(Beginning of Exercise materials)

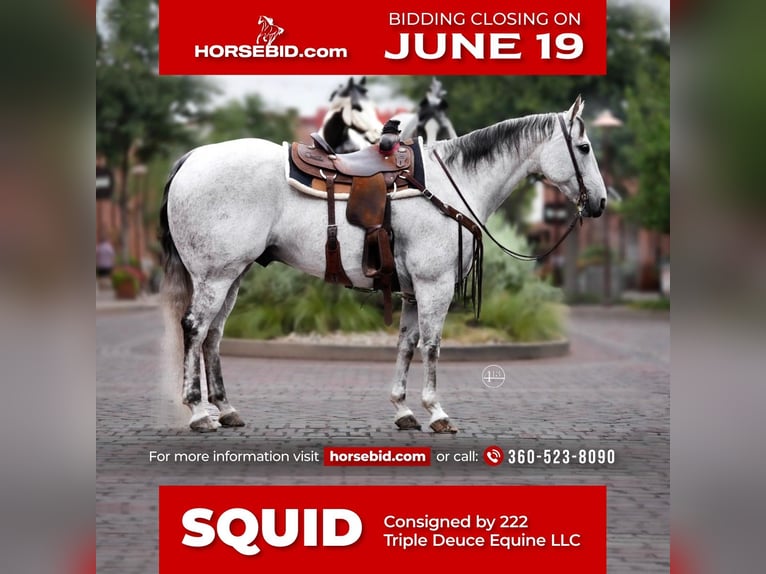 Quarter horse américain Hongre 13 Ans Gris in Weatherford, TX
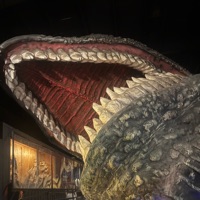 User profile image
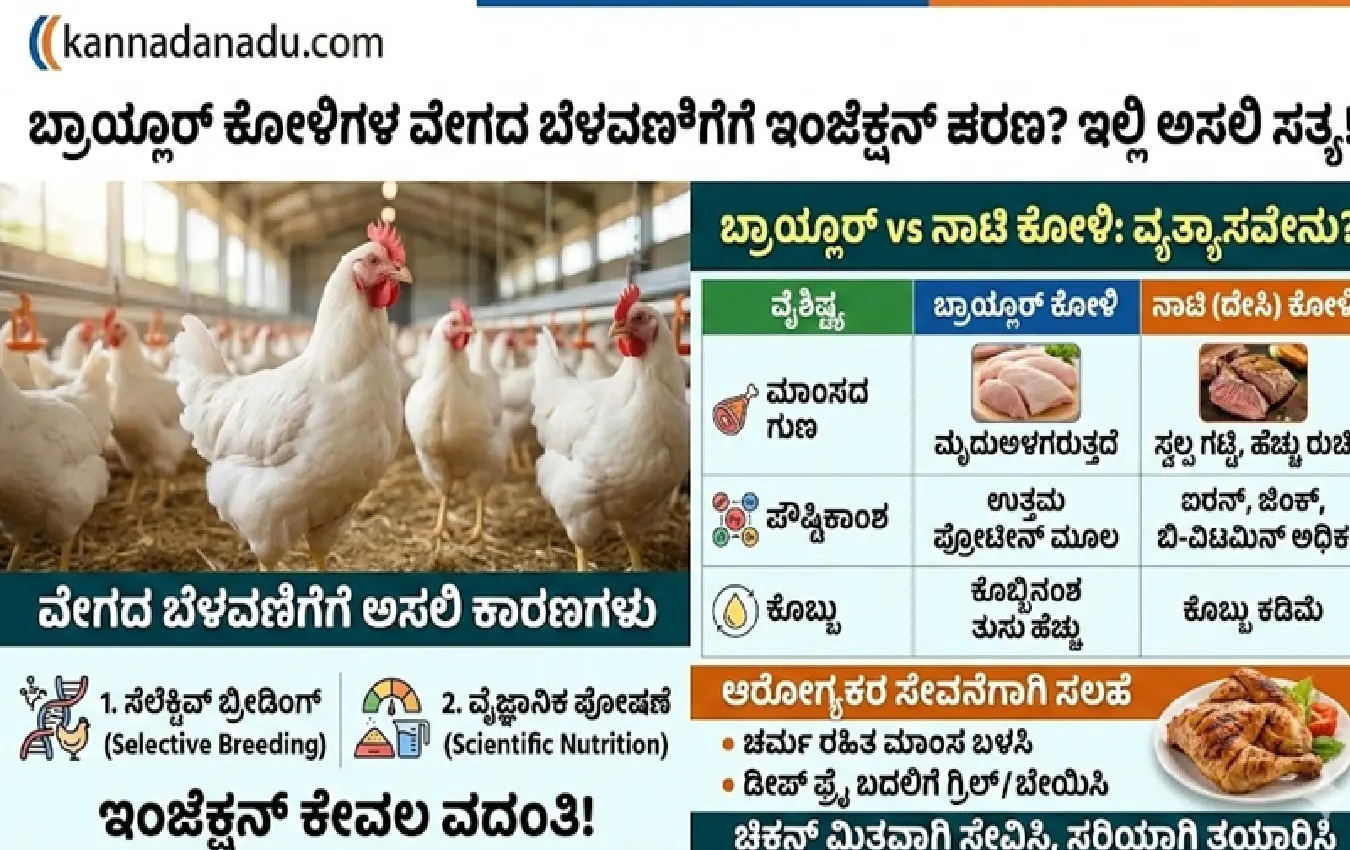 is-broiler-chicken-injected-with-hormones-facts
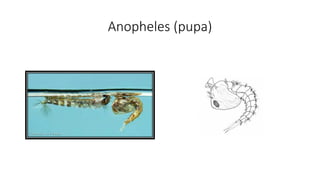 Anopheles (pupa)
 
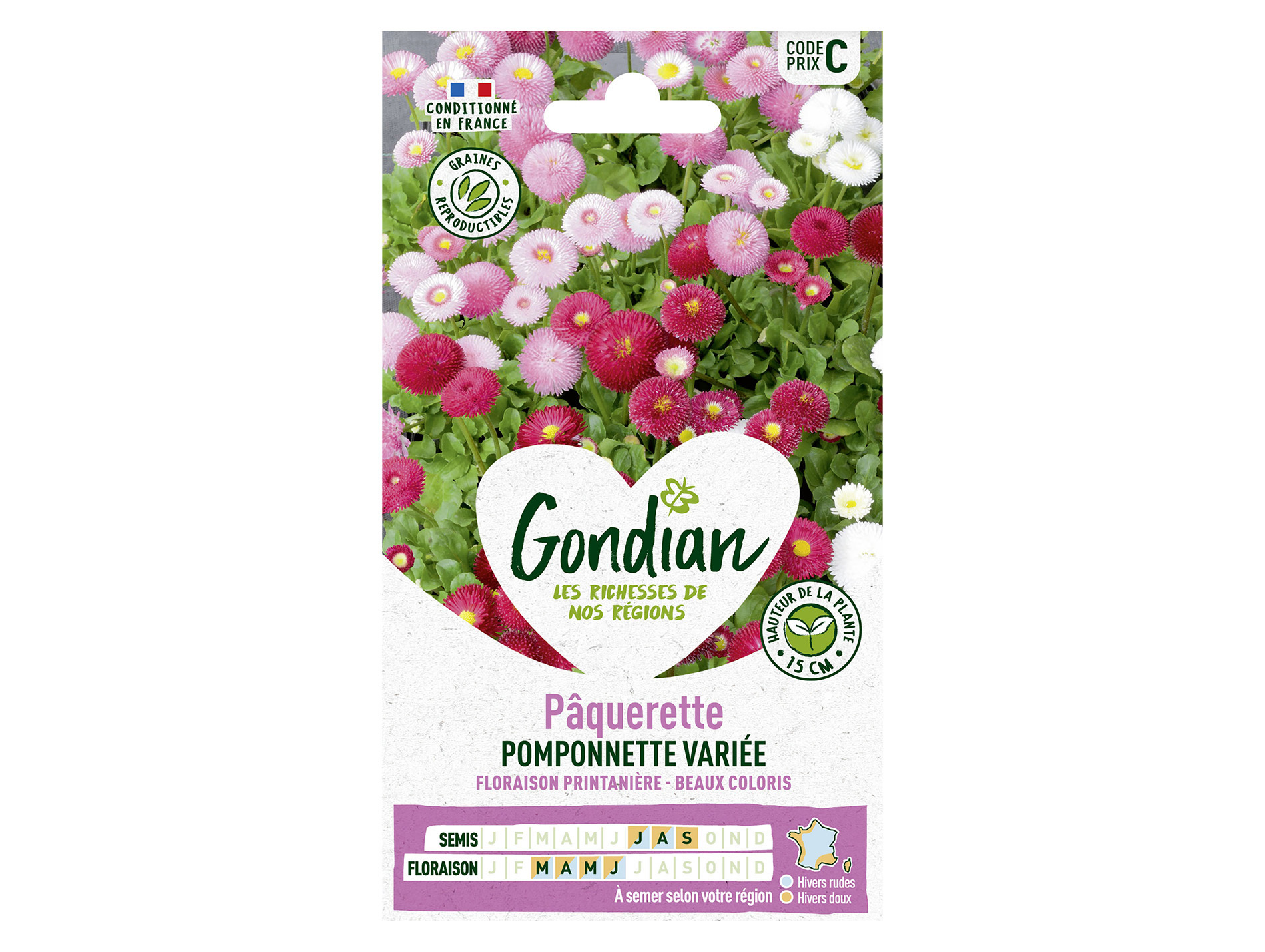 Pâquerette Pomponnette variée GONDIAN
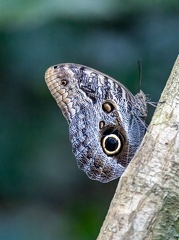 papillon hibou Owl butterfly (Caligo sp.)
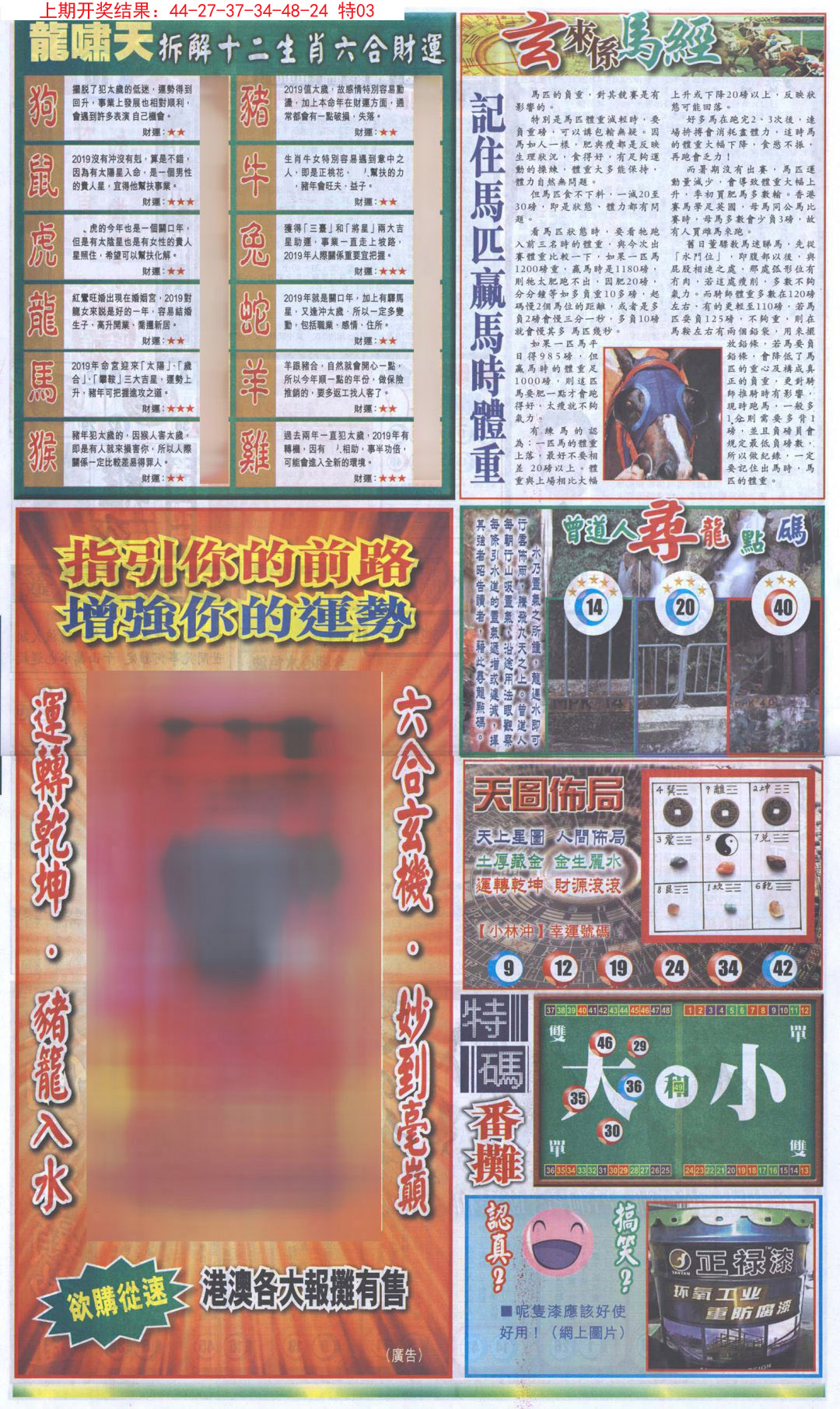 2024308期新报跑狗B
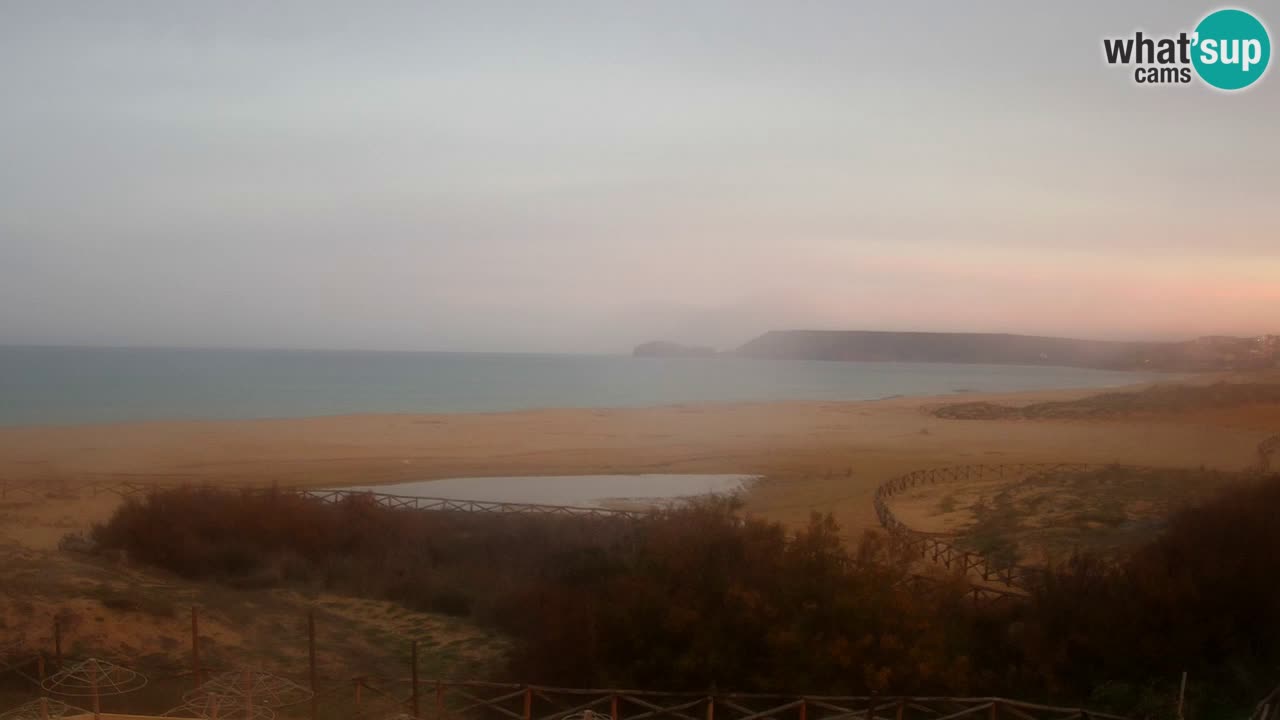 Webcam Torre dei Corsari – Live Beach View from Punta Usai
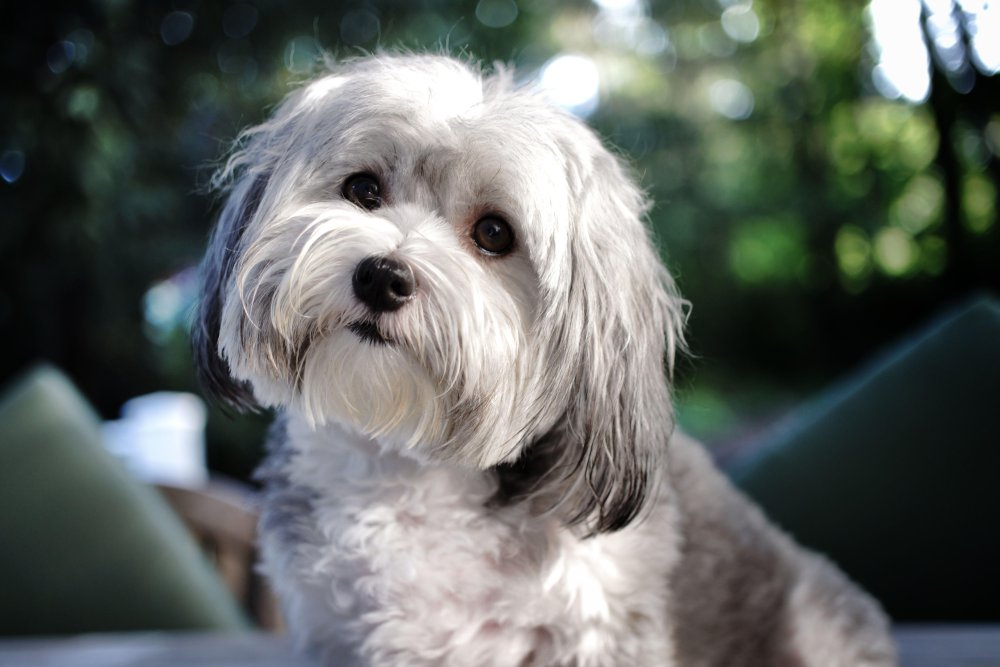 Havanese Dog Breed Image 7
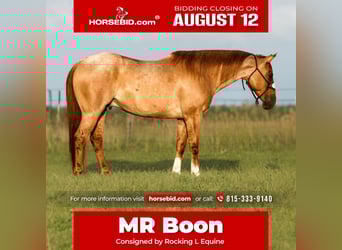 American Quarter Horse, Gelding, 9 years, 14.3 hh, Roan-Red, in Joy, IL,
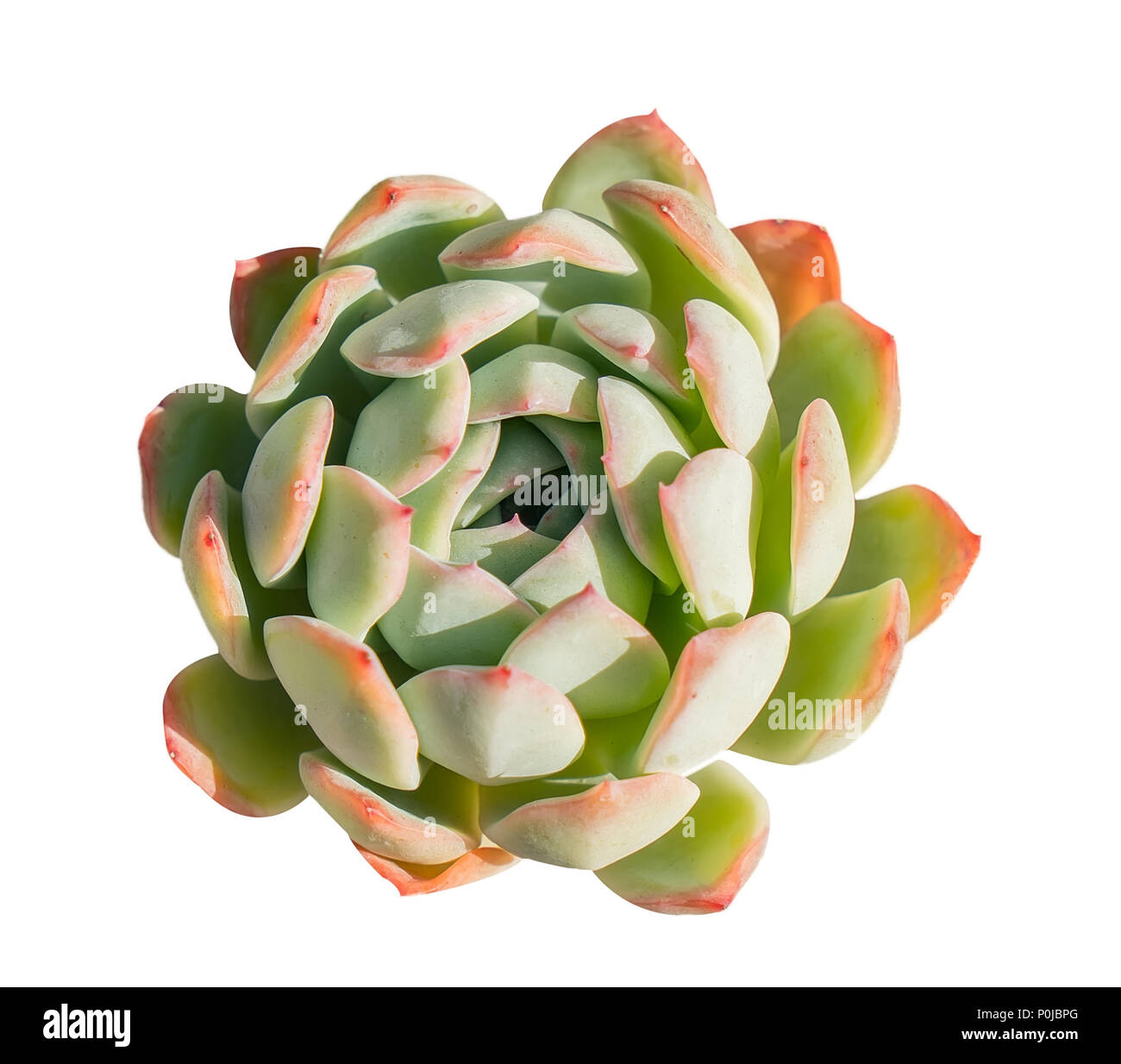 Cactus succulent plant isolated on white Banque D'Images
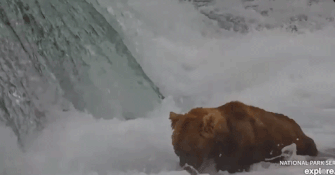 OTIS 480 GIF 2023.07.26 NATURES FOLIO FISHING REPORT 02 SUSPECTCELERY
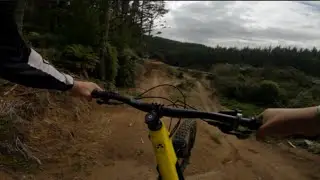 Rotorua's BIGGEST Jumps!? POV Taniwha (river jumps) - Whakarewarewa forest - Redwoods - NZ MTB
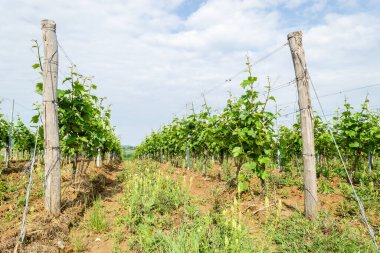 Sırbistan 'ın Sremski Karlovci kentinde geleneksel tarımda genç asmalar yetiştirildi.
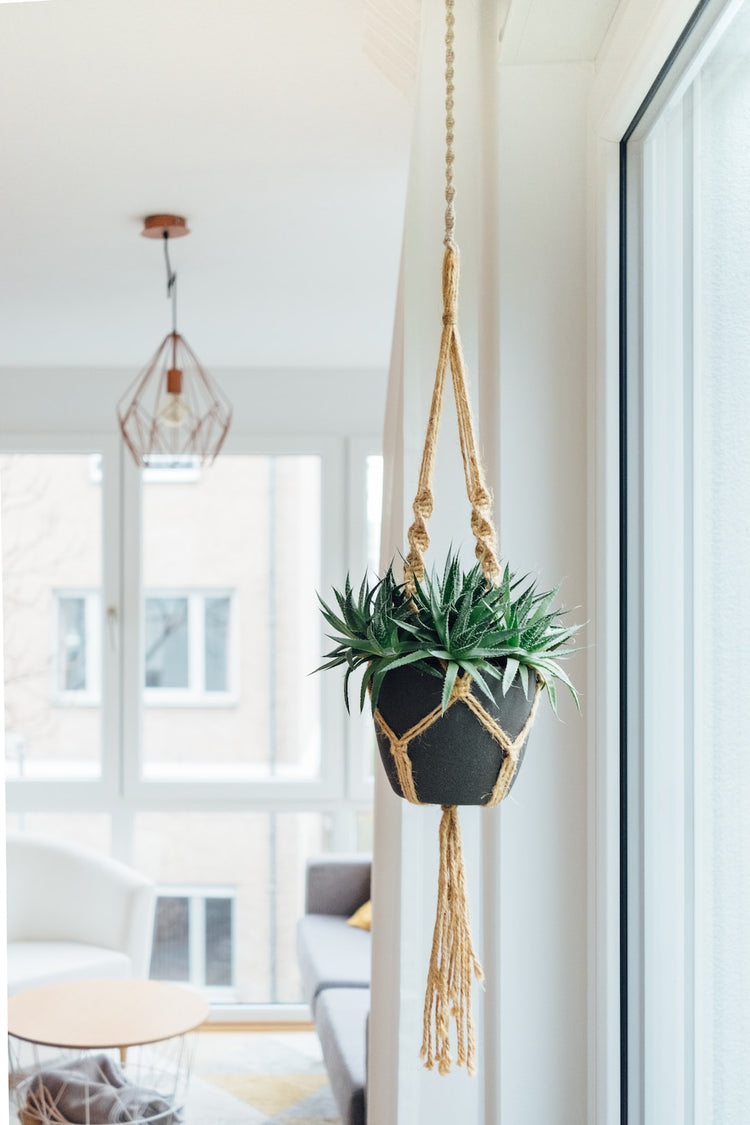 7 Best Hanging Indoor Plants for Your Home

(End of Exercise materials)

* **Task prompt**:
Quote exactly, and only, the lines from the one containing "Rotorua's BIGGEST Jumps!?" through the last line of the records above, both included; leave out any pictures.

* **Result for this task**:
 Rotorua's BIGGEST Jumps!? POV Taniwha (river jumps) - Whakarewarewa forest - Redwoods - NZ MTB
 Sırbistan 'ın Sremski Karlovci kentinde geleneksel tarımda genç asmalar yetiştirildi.
 7 Best Hanging Indoor Plants for Your Home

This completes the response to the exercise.